To see both oppositional protestant clerics during the Nazi era, Martin Niemöller and Dietrich Bonhöffer, being used and instrumentalized in movies like "Bonhoeffer: Pastor. Spy. Assassin." makes me wanna throw up.
Dionys, could you send me an email. I somehow cannot find your address.
Thanks for sharing Dionys.
A good reminder of how complicated these historical figures and their words really are. You're right that the 'First they came...' lines aren't a direct quote from the 1930s; Niemöller reflected on them postwar, and versions varied a lot depending on the audience and context.
The same goes for Bonhoeffer—his life and choices don't fit neatly into modern boxes, and it's frustrating when films or causes instrumentalize them to push an agenda.

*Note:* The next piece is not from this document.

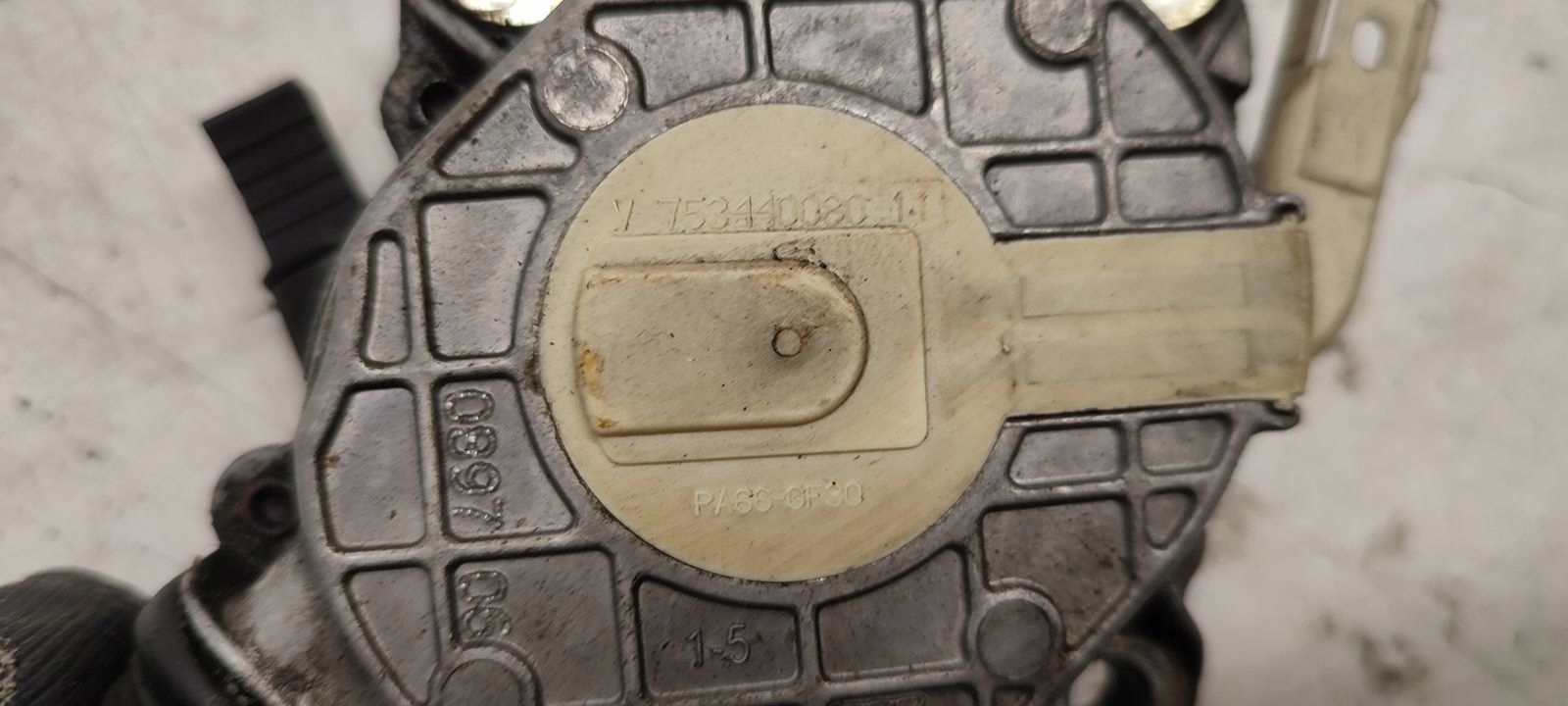 španovákem prislusenstvi Mini R56 1,6 VTI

Not the 1st time that has happened.
We quoted Niemöller in our last exchange because it captures the danger of bystander silence in any era, which felt relevant to HW's point. But we hear you on the risks of oversimplification or misuse. As we tread a careful path —not out of apathy, but because everything has gotten so volatile of late.
Appreciate you bringing this depth & perspective; it's helpful and valued @ TW. Hopefully helps others think more carefully before speaking and acting.
The United States culture has undergone significant regression. I believe we are trained from an early age to protect our lives and fortunes (even if quite small): there is not, perhaps, anything more significant than the individual. Such a position is expressed in the isolation of responsibility. "I was never a slave owner and so I owe nothing in the way of reparations." I hear this view articulated over and over again in public discussions over social justice issues and, by the way, social justice studies are under relentless attack. We cannot expect from individuals what is mostly missing from the culture. Even as ICE kills people, the market ticks up.